■ **Material for this exercise**:
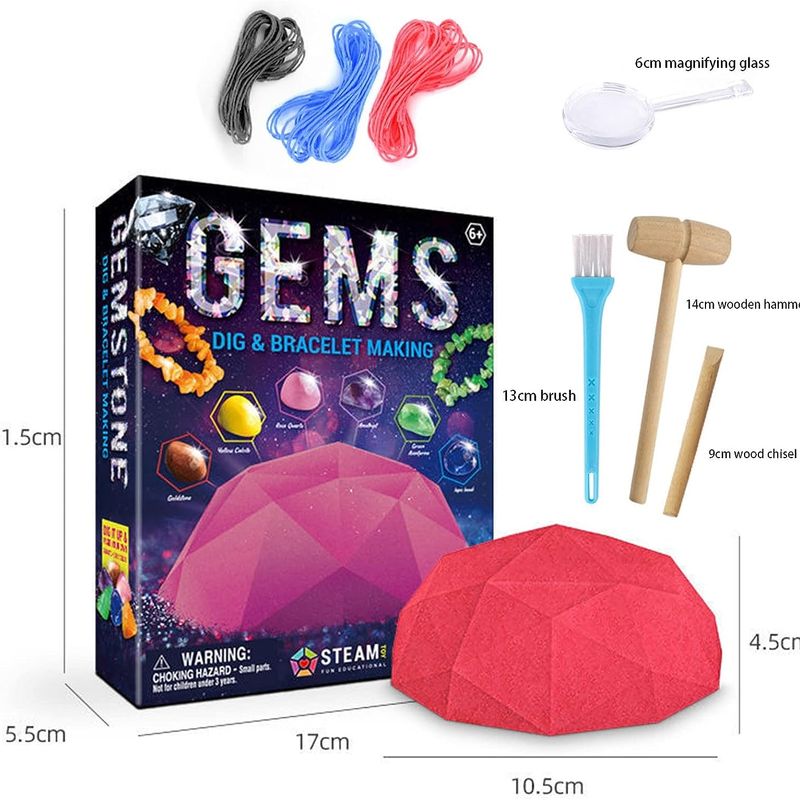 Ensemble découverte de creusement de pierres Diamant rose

* * *

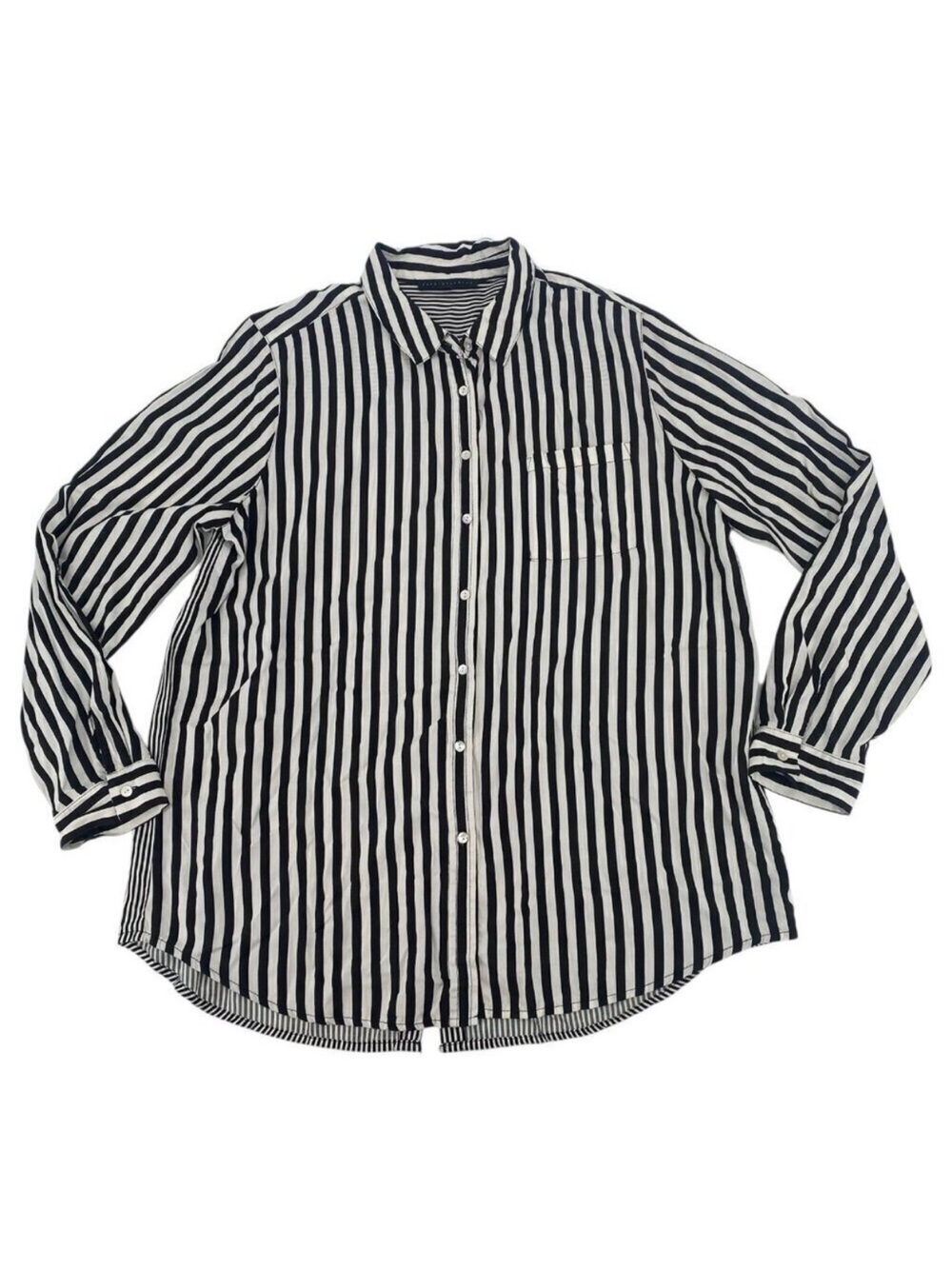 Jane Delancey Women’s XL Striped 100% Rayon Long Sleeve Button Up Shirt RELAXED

---

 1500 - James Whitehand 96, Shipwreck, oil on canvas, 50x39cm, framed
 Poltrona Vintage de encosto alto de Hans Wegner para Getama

■ **What needs to be done**: Above are records; repeat only the lines starting at the line with "1500 - James" and ending at the line with "Poltrona Vintage de", exactly as they appear, both included.

■ **Written solution**:
 1500 - James Whitehand 96, Shipwreck, oil on canvas, 50x39cm, framed
 Poltrona Vintage de encosto alto de Hans Wegner para Getama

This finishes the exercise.